J. D. Salinger and the Cult of Celebrity

200px-Rye_catcher-190x300 (1)Did you know that once upon a time, books were published without an author biography or photo? Why do you suppose? The straightforward answer is that the work – the book – was intended to stand on its own. What the author wrote about, and the way it was written, was sufficient. We, the readers, appreciated – or rejected – a book for what it was, not who the author was, or how much of the author’s real life played a role in the story. The character was a character, and the author was the author.

Of course, that’s all changed. Now, in many cases, a large number of people care more about the author’s personal life than what’s in the books they write. The exception being if it’s an autobiography or a memoir. If an author wants to reveal all kinds of personal information in one of the latter, then more power to ’em.

That was not the case with J. D. Salinger, who wrote The Catcher in the Rye and other notable fiction in the 1950s. He never wanted a lick of publicity. That’s why he left New York City for rural Vermont, where only a handful of people even knew where he was.

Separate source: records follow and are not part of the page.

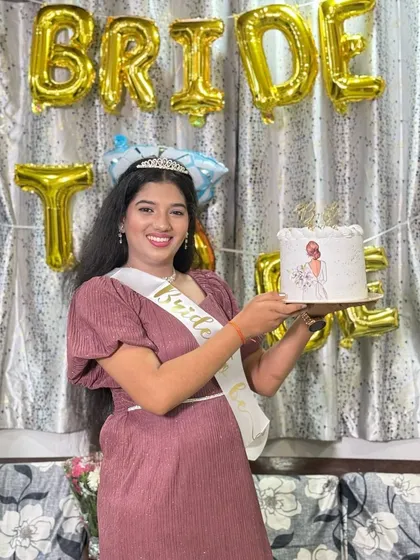 The happy bride-to-be posing with her custom cake at her party, surrounded by "BRIDE TO BE" balloons.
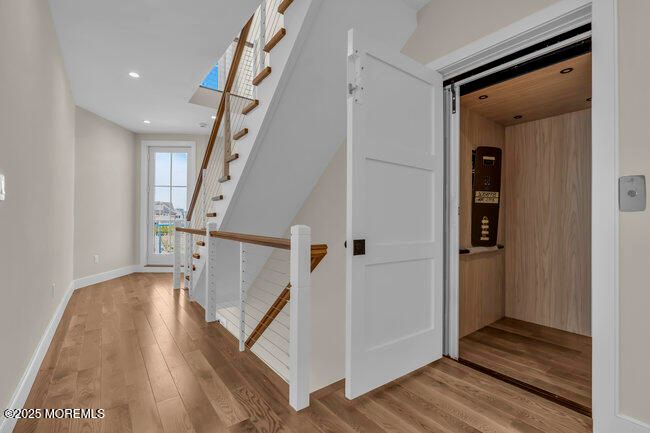 Elevator, Interior, Recessed Lighting, Wooden Ceilings, Wood Texture Flooring, Wooden Walls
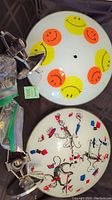 Photo showing both glass light fixtures side by side, one decorated with colorful smiley faces and the other with Dr. Seuss characters. Includes metal hardware components and plastic bags with accessory parts visible.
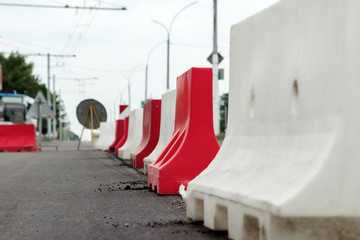 Red and white mobile plastic water filled jersey barriers for temporary limit no access work zone...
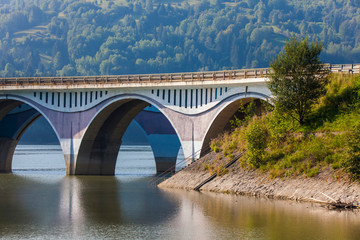Fototapeta na wymiar Bicaz lake and Poiana Teiului viaduct in Romania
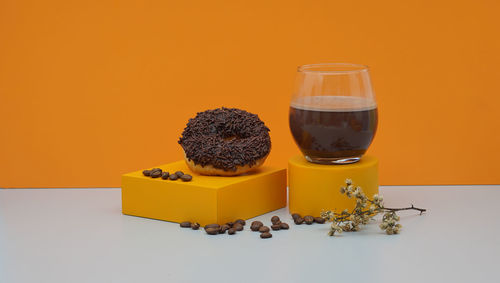 Still life photography of donut cake with chocolate topping and coffe beans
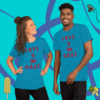 A man and woman posing for the camera wearing blue shirts.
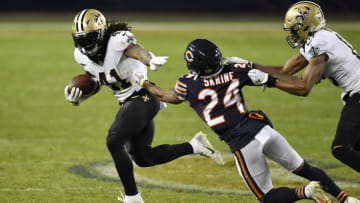 CHICAGO, ILLINOIS - NOVEMBER 01: Alvin Kamara #41 of the New Orleans Saints runs against Buster Skrine #24 of the Chicago Bears at Soldier Field on November 01, 2020 in Chicago, Illinois. (Photo by Quinn Harris/Getty Images)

I read recently that a film director named Shane Salerno, whose oeuvre focuses on action movies, is releasing a documentary about Salinger this fall. He and the producer promise it will reveal secrets which, we can assume, Salinger would have wished to keep to himself. And so the most famous of author-recluses is now going to be outed by someone who hopes to make a bunch of money with a salacious documentary film.

These days, it’s hard to write a novel and not have people ask if it’s autobiographical. I know this to be a fact. I also know that whether I answer yes, no, or perhaps a little, it won’t matter. Those people will read my novel and think it’s about my life. I think that’s too bad. To paraphrase Shakespeare, the story’s the thing. If it’s a good tale, who cares if it’s about the author or not? If it’s well-written, it stands on its own. The rest doesn’t matter.

I think Salinger would agree with me.